Phimosis with a hooded prepuce: This is a variation of non-surgical phimosis where the foreskin is tightly adherent to the glans penis, forming a hood-like structure.
Aetiology and pathophysiology of phimosis
Causes: Tightness of the foreskin due to immaturity, scarring, or fibrosis.
Pathophysiology: The foreskin fails to separate from the glans penis, leading to discomfort and difficulty during urination or ejaculation.
Clinical features of phimosis
Symptoms: Difficulty retracting the foreskin, pain during urination or ejaculation, and discomfort or pain during intercourse.

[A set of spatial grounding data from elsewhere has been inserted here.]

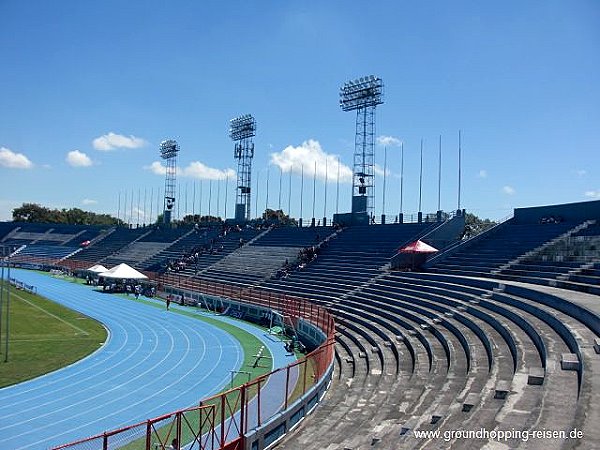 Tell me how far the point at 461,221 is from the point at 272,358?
60.7ft

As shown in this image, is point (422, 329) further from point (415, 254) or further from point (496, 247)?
point (415, 254)

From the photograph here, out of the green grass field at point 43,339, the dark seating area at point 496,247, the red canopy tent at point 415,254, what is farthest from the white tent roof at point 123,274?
the dark seating area at point 496,247

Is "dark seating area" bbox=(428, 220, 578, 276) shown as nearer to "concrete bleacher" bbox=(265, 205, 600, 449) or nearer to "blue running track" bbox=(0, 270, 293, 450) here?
"concrete bleacher" bbox=(265, 205, 600, 449)

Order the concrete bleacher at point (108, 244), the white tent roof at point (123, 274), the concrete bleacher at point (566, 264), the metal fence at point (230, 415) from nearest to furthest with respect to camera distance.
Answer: the metal fence at point (230, 415) → the concrete bleacher at point (566, 264) → the white tent roof at point (123, 274) → the concrete bleacher at point (108, 244)

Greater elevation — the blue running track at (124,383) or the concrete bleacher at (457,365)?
the concrete bleacher at (457,365)

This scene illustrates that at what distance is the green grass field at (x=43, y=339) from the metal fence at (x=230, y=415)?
6678 millimetres

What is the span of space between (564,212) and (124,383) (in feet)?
78.8

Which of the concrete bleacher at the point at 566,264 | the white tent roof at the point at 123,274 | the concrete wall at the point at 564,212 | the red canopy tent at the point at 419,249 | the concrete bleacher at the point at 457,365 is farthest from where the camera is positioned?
the white tent roof at the point at 123,274

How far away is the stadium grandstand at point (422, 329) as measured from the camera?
8.66 meters

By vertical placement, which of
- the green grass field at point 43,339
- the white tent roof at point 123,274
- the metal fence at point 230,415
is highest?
the white tent roof at point 123,274

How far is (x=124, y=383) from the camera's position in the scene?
1727 centimetres

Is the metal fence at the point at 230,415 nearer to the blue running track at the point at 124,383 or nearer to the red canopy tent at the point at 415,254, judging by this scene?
the blue running track at the point at 124,383

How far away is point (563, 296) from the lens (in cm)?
1616

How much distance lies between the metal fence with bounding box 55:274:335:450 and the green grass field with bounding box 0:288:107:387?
263 inches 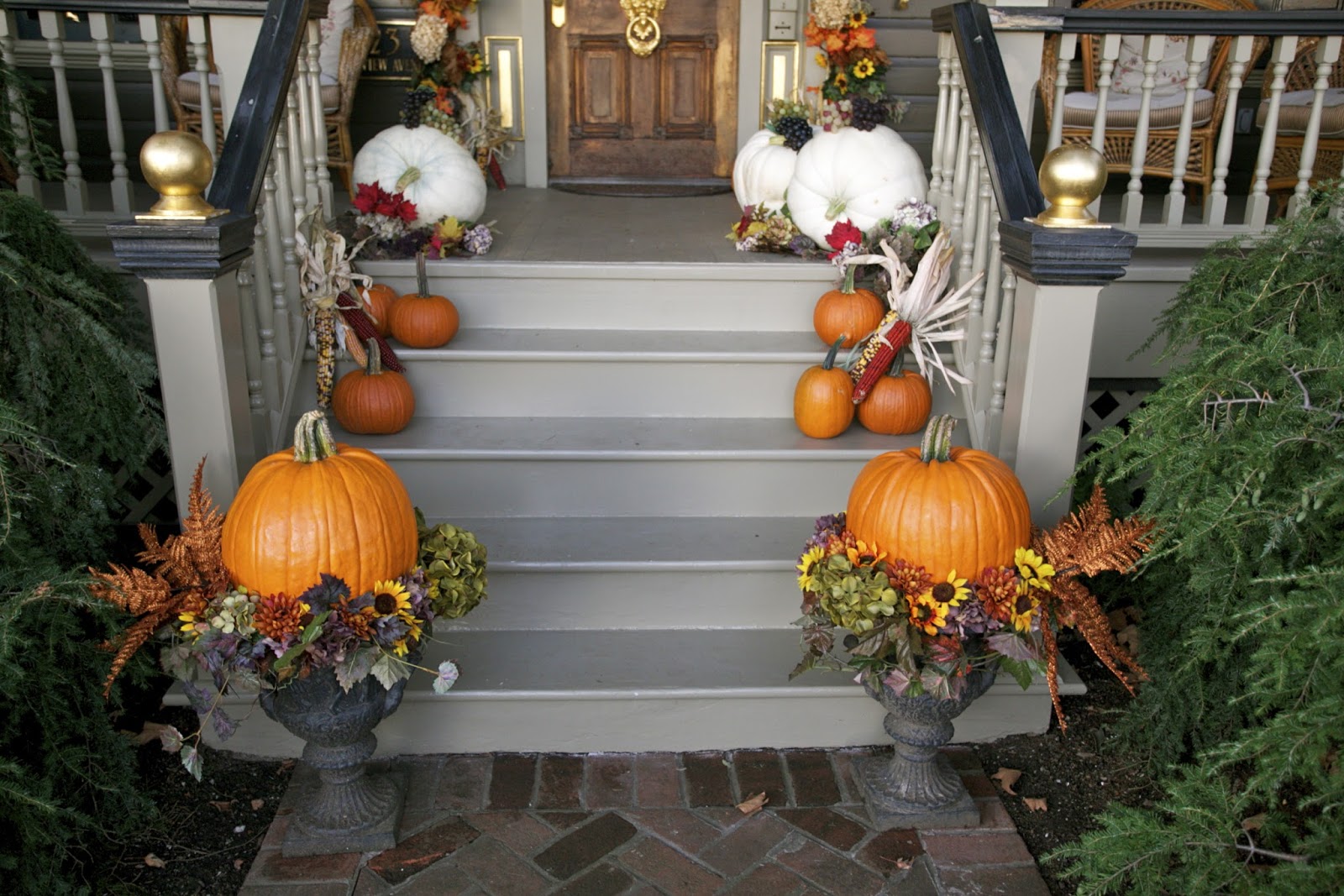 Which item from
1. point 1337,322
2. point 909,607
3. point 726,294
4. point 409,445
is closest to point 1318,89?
point 1337,322

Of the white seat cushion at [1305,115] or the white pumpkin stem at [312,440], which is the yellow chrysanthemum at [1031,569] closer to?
the white pumpkin stem at [312,440]

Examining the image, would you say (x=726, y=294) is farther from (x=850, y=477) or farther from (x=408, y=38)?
(x=408, y=38)

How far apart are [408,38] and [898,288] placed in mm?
3127

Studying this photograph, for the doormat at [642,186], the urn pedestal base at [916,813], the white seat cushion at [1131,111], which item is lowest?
the urn pedestal base at [916,813]

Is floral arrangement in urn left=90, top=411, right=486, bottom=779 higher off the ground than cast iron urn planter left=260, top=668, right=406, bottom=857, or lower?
higher

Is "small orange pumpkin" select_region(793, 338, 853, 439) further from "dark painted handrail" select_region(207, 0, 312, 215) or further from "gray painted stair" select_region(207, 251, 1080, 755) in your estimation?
"dark painted handrail" select_region(207, 0, 312, 215)

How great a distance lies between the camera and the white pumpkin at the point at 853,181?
3643mm

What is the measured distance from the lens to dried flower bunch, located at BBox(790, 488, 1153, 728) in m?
2.18

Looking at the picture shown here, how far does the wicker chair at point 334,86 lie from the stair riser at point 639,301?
1.24m

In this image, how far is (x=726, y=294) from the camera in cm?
352

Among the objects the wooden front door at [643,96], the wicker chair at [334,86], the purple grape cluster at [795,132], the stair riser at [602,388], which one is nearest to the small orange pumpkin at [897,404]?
the stair riser at [602,388]

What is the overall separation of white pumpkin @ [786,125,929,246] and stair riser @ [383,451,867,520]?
39.9 inches

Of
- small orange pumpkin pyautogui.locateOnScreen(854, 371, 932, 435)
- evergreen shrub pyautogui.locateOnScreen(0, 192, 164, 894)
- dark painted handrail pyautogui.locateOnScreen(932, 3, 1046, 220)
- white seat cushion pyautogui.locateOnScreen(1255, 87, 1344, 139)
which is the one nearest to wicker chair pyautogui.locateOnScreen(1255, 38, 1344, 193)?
white seat cushion pyautogui.locateOnScreen(1255, 87, 1344, 139)

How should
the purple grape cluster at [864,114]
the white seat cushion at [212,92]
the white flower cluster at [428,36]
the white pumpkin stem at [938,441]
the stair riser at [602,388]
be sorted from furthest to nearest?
the white flower cluster at [428,36] → the white seat cushion at [212,92] → the purple grape cluster at [864,114] → the stair riser at [602,388] → the white pumpkin stem at [938,441] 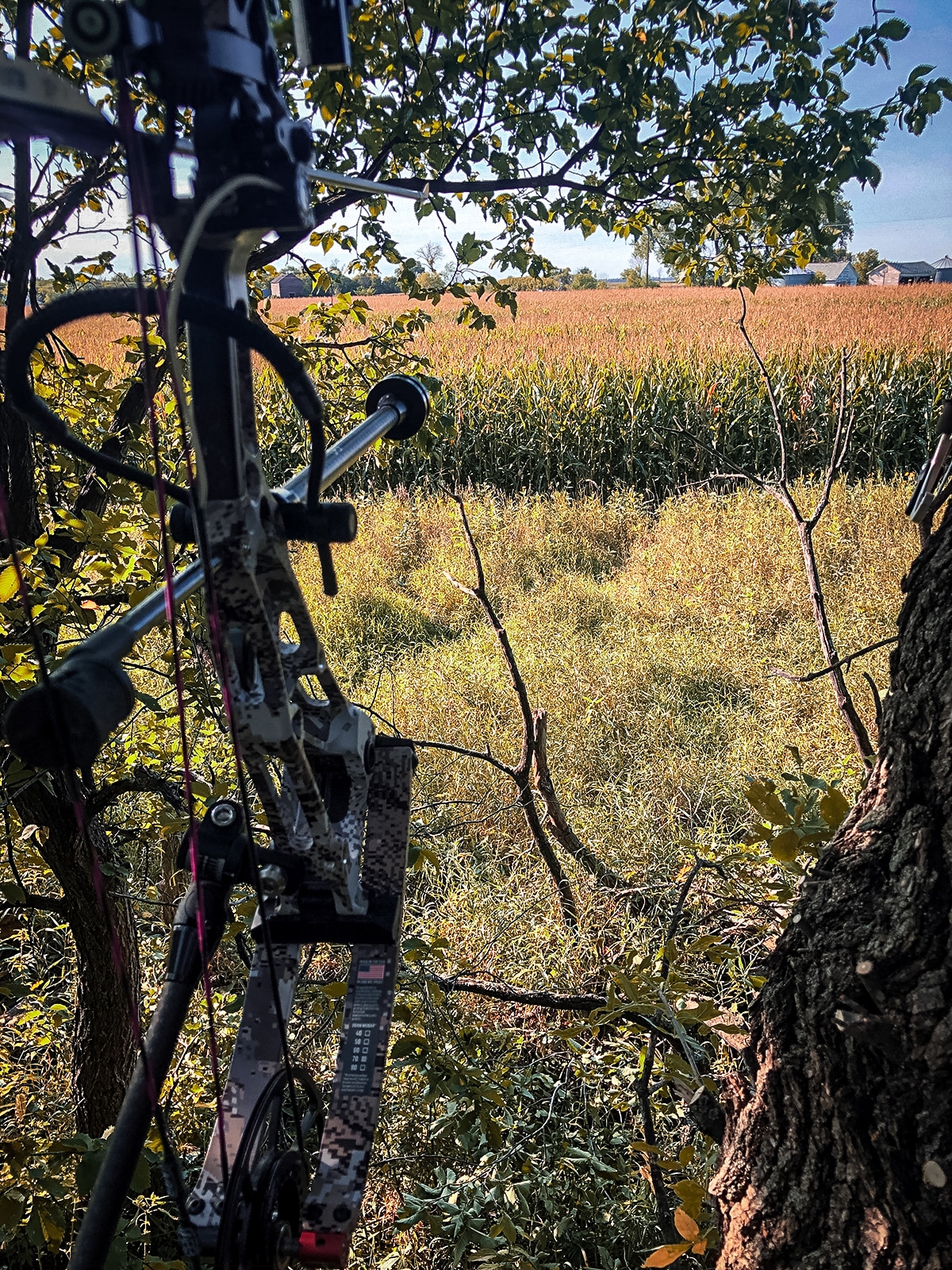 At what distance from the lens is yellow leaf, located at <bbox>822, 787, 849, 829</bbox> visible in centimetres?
136

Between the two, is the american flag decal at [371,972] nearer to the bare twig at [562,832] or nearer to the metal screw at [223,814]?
the metal screw at [223,814]

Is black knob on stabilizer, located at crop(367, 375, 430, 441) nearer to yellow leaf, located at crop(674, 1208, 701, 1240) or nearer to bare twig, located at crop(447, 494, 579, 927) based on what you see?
yellow leaf, located at crop(674, 1208, 701, 1240)

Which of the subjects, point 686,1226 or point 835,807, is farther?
point 835,807

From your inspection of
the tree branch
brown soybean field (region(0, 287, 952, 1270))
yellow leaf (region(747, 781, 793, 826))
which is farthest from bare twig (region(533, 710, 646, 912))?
yellow leaf (region(747, 781, 793, 826))

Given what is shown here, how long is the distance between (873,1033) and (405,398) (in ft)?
3.72

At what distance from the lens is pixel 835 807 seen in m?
1.36

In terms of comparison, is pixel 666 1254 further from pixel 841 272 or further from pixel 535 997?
pixel 841 272

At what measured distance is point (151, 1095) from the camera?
894 mm

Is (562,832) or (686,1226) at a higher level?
(686,1226)

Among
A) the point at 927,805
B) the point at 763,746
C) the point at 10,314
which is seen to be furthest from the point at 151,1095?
the point at 763,746

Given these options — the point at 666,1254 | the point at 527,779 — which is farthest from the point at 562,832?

Physical examination: Tight foreskin, possibly with a hooded prepuce.
Complications of phimosis
Urinary tract infections: The tight foreskin can trap bacteria, leading to infections.
Circumcision: In severe cases, circumcision may be necessary to relieve symptoms.
Infertility: Phimosis can lead to difficulties with ejaculation, potentially affecting fertility.
Management of phimosis
Topical creams: Steroid creams can help soften the foreskin, making it easier to retract.
Manual stretching: Gradual manual stretching can help loosen the foreskin.
Circumcision: In severe cases, circumcision may be necessary to relieve symptoms.
Homoeopathic therapeutics for phimosis
Thuja occidentalis: For tightening of the foreskin and difficulty retracting.
Calendula officinalis: For inflammation and infection.
Sabal serrulata: For urinary tract infections and difficulties with urination.
Graphites: For phimosis with a hooded prepuce.
Cantharis: For burning sensations and pain during urination.
Apis mellifica: For inflammation and swelling.
Investigations
Clinical examination: The primary investigation is a thorough clinical examination to assess the tightness of the foreskin and any associated symptoms.